That situation hasn’t changed. Federal agencies still do workarounds to avoid having to get OMB clearance for surveys and survey-like data collection efforts. The impacts of this on real world decisionmaking are hard to assess but might involve making decisions without factually based data on how target citizen groups feel about and use expensive government programs.

Enter social media and web 2.0 tools that rest, fundamentally, on engaging and communicating with and among target population groups. Now it’s possible to extract data on conversation frequency, topics being discussed, and even “sentiment” algorithmically classified from keyword, semantic, and grammatical analysis. Making these tools more widely available as a way to engage with — and track — public involvement is a Good Thing, right?

My answer is a definite “Yes” — but there’s a catch. The catch is that we may tend to attribute statistical validity to tools that don’t necessarily provide consistent or complete data. For example, how accurate is a tool that classifies the sex of blog posters using various text cues in surrounding data? What is the impact of constant changes to the coverage of a social media monitoring tool on any kind of trend analysis? How “accurate” is a classification of a blog post’s “sentiment” as “positive” or “negative?”

This is not meant as a criticism of such tools; they can be very useful in instances when the populations impacted by a government program are very large, diverse, and/or volatile. I’ve advised clients on their use.

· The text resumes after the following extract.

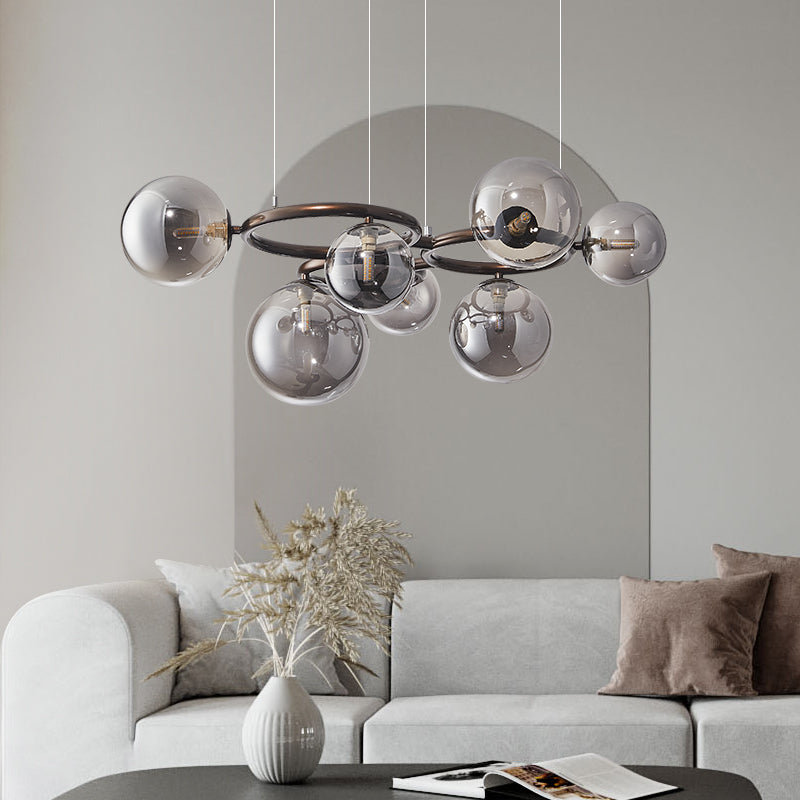 Modern Smoke Gray Chandelier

But a danger exists that, because the tools exist and we can subscribe to them easily and create easy-to-read “dashboards” to track a variety of online events and conversations, we may try to squeeze a bit more out of them than is warranted.

A comparable problem exists with the use of online and in person focus groups. No matter how much we understand the limitations of such tools with respect to their statistical projectability, we still find situations where we are forced to make decisions about population responses based on focus groups because that’s the only data we have.

I sympathize with this. I know that, no matter what the situation, we rarely have perfect data. Having to “make do” with what we have is a management fact of life.

So my take on the new OMB guidance on social media and the Paperwork Reduction Act is that it’s a Good Thing, but it doesn’t go far enough. Ultimate resolution of its ambiguities will probably require legislative action.

Meanwhile, I’m hoping that people responsible for planning, managing, and interpreting data on government program performance derived from social media and “web 2.0” tools make an attempt to align and map such data to accepted and statistically valid population data.

At minimum, program managers and policy makers need to understand the context in which social media derived data are being generated and collected. That may require building and maintaining data repositories that combine data from a variety of sources and support the ability to report to management in ways that objectively provide facts, context, and insight that social media based metrics can now provide.